What's the best shot you ever made, lucky or not?


----------



## MarczO (Mar 25, 2006)

I think the best shot I have ever made would have to be....my game winning shot over my dad. Him and I were out golfing and all day I had golfed horrible, but so did he. So coming down to the last hole everything was basically tied up. I believe the hole was a par 4. He drove the ball about 100 yards into the wind. I though to myself I can double that. So a winded up and swung away. The ball ended up going with the wind. Then as it came down it was coming near a small stream near the side of the course.
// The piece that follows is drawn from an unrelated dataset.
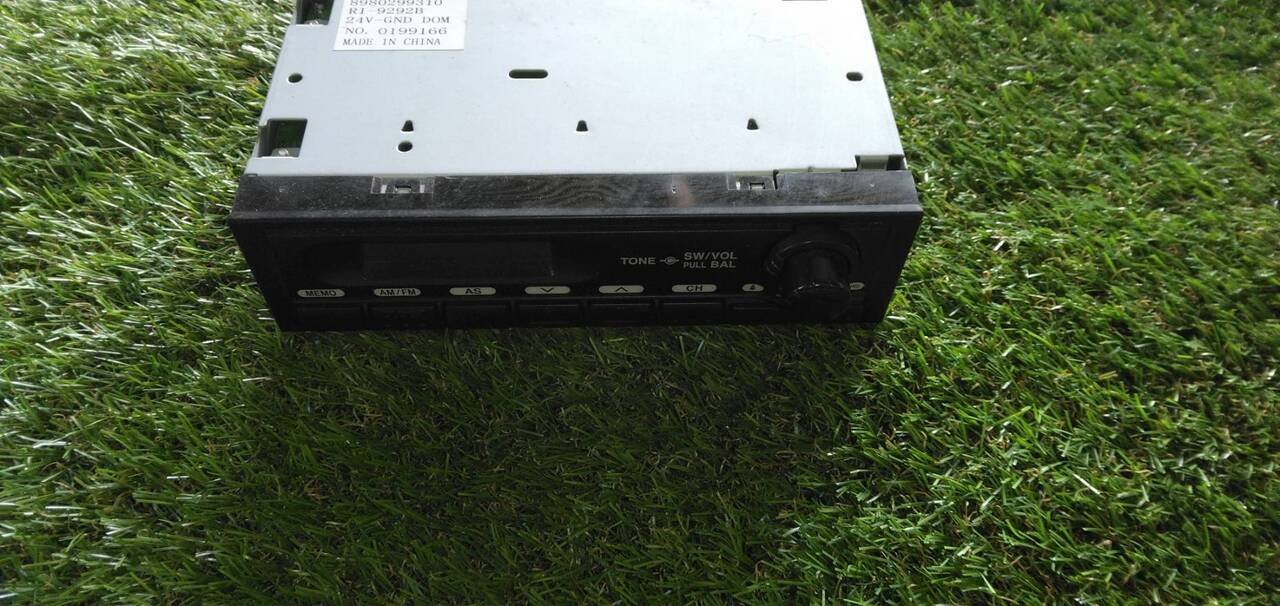 ラジオ 【M5X8MAX】(中古)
Instead of landing in the water though, the ball bounced of a rock back into play, and then off another rock bouncing it another 30 yards forward. I ended up winning that hole by 2 strokes over my dad.


----------



## codyblank (Apr 7, 2006)

The best shot I've ever would have to be a near hole-in-one. The wind was calm and it was a par 3 about 155 yards. I hit the ball within 1 foot of the hole. It was really cool.


----------



## white_tiger_137 (Mar 23, 2006)

My best shot would have to be a 256 yard drive that I hit straight down the middle into a 25-30 mph wind when I was 13. Man, that thing stayed in the air forever!  
The luckiest shot I've ever hit was a sculled 8 iron the skipped off a pond and landed just off the green.


----------



## Phreak (Apr 23, 2006)

The best shot that I have ever made would have to be a long ball that I hit a little over 200 yards.


----------



## fuzzyjr (Apr 25, 2006)

*Funny thing*

World Golf Villiage, Florida. The Hall of fame shot on the island for fun, 132 yrds very similar to the TPC's 17th. If you put two on the green you get a Hall of fame Print. First shot wind at my back, Nine iron back and forward ball up about 10 inches from the hole, Second ball up and hits the first, grab my Hall of fame print and Im on my way.


----------



## Not_My_Style (Apr 25, 2006)

The best shot I ever made was on a short par 3 that went downhill in Wisconsin. I put the ball right next to the hole, nearly a hole-in-one. Luckily I didn't ruin the great shot (like a usually do) and I got the birdie.


----------



## Michael311 (Apr 15, 2006)

Nice. I love watching someone make a beautiful shot


----------